Bone bread and marrow ($) was a long bone shaped bread stick similar in texture to a pretzel, served with a thin sauce presumably made from marrow, although it seemed more like a vinaigrette containing pink peppercorns and herbs that was poured from the aptly designed sauceboat.  This was not at all the marrow we were expecting (you know what I mean, the decadent and fatty stuff scooped from the bone) and a bit disappointing, although I loved the squishy bread.

A Chicken Salad with buddha’s hand & celery root curd included a jiggly gelée and bright vivid citrus flavor from the hand of buddha and a lovely crunch from the vegetables.  There was a small dollop of dijon mustard included.

The Wild Mushrooms with root purees and toasted hazelnuts ($6) smelled fantastic and had a nice combination of crunchy textures from bits of toasted bread and nuts.

Carnitas stuffed squid ($7) tiny squid stuffed with spicy tender pork and pungent wedges of watermelon radish.

We all enjoyed a restoratively healthy dish of Braised carrots & braised jammy greens ($5)

I couldn’t get enough of the Pork ribs with broth and lemon oil ($8).  The flesh fell off the bones and was so good dipped into the broth.  If only there were ramen noodles at the bottom of the bowl…

At last they came around with State Bird with Provisions ($8), the namesake dish that the restaurant is named for.  Each order is half of a buttermilk fried quail served over lemon onion confit, sprinkled with shaved parmesan and frilly micro greens.
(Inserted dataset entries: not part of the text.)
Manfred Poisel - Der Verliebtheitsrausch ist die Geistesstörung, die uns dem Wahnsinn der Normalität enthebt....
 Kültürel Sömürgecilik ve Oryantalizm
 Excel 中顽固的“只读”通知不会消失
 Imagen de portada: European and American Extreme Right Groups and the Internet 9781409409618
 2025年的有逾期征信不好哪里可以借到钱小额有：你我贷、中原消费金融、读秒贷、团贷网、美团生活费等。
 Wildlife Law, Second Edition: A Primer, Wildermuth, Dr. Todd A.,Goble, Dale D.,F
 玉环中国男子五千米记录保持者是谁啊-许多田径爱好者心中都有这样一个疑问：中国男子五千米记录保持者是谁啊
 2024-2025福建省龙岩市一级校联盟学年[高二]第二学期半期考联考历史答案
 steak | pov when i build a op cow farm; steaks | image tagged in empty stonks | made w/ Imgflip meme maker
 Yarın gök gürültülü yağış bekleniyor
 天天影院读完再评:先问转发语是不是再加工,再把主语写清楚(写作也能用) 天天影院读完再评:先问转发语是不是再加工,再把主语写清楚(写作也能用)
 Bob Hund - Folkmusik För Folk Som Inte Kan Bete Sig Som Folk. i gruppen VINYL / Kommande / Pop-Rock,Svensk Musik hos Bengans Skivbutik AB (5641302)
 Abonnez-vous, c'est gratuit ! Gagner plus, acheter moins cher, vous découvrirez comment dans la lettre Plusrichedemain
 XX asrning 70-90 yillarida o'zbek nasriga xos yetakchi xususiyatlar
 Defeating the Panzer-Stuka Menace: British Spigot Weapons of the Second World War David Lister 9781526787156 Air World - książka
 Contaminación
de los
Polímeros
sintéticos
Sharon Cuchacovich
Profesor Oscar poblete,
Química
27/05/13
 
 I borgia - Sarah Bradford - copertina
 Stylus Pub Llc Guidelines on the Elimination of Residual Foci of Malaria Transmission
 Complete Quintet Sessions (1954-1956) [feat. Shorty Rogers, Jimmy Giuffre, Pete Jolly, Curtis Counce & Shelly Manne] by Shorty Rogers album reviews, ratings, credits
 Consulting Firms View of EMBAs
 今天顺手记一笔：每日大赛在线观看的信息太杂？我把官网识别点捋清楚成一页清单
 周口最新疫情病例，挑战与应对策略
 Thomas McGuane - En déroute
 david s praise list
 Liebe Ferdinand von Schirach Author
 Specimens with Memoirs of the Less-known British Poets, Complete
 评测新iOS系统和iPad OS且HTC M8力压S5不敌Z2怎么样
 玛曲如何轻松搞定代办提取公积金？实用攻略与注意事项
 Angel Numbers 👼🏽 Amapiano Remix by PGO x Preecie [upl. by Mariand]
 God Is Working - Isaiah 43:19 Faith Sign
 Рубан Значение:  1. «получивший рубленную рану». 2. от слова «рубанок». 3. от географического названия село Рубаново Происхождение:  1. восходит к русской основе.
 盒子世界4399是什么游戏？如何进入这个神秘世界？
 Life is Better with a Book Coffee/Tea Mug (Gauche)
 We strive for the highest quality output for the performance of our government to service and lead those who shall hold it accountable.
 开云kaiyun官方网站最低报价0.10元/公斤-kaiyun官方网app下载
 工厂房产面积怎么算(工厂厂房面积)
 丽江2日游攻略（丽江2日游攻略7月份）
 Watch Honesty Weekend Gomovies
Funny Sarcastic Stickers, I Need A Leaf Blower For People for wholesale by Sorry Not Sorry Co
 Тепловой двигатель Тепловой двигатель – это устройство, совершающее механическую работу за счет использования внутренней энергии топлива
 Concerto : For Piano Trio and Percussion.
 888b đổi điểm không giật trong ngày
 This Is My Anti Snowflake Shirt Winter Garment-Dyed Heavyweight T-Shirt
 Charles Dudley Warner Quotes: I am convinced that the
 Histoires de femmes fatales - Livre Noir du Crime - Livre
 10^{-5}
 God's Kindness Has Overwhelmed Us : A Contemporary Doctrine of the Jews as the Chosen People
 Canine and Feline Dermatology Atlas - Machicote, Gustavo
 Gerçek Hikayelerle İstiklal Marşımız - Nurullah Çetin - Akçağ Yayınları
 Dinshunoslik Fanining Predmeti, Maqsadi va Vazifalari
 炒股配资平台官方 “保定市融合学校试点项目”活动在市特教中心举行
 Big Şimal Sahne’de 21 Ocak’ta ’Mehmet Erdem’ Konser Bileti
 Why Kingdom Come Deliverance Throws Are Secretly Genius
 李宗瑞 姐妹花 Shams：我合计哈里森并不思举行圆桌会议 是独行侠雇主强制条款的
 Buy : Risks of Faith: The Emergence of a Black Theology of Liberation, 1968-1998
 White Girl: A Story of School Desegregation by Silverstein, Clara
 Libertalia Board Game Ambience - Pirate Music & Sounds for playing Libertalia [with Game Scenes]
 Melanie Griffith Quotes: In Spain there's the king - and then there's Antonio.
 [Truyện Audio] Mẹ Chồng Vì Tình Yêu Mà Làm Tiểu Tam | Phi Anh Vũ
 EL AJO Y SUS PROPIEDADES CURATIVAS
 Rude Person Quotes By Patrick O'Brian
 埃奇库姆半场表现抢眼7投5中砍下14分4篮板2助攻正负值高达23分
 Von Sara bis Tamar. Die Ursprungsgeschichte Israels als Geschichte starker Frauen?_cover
We stayed for several hours, and a line began to form as the evening wore on.  Sweet dishes were offered earlier, but we felt compelled to wait to the end, although P commented that at dim sum we always grab up the egg custards, sesame balls and sweet tofu along with the savories throughout the meal…

The pastries are created by pastry chef Nicole Krasinski, who was a Chronicle rising chef back in 2005Peanut Muscovado Milk ($2) with clove spiked fig cookies ($2). Peanut milk is an elixir with curative properties, muscovado is type of brown sugar that added a rich butterscotchy flavor to the addictively tasty brew.  The tender buttery pinwheel cookies were filled with a swirl of fragrant and sticky fig that was delicious.

We split bites of Chocolate croquettes with rosemary-lemon sabayon ($4), which had a lovely delicately crisp wrap surrounding a dark chocolate filling.

The Golden Egg ($3) topped with gooey toasted meringue, filled with saffron egg custard which was topped with a tart layer of fruit.  Interesting presentation, hard to get to the custard without breaking the eggshell.

Of note:  there is a U.S. map in the restroom in the back listing the various state birds created by Caitlin Freeman, a pastry chef/artist (known also for her mondrian cake at SFMOMA), who happens to be married to James Freeman owner of Blue Bottle Coffee which is also on the menu…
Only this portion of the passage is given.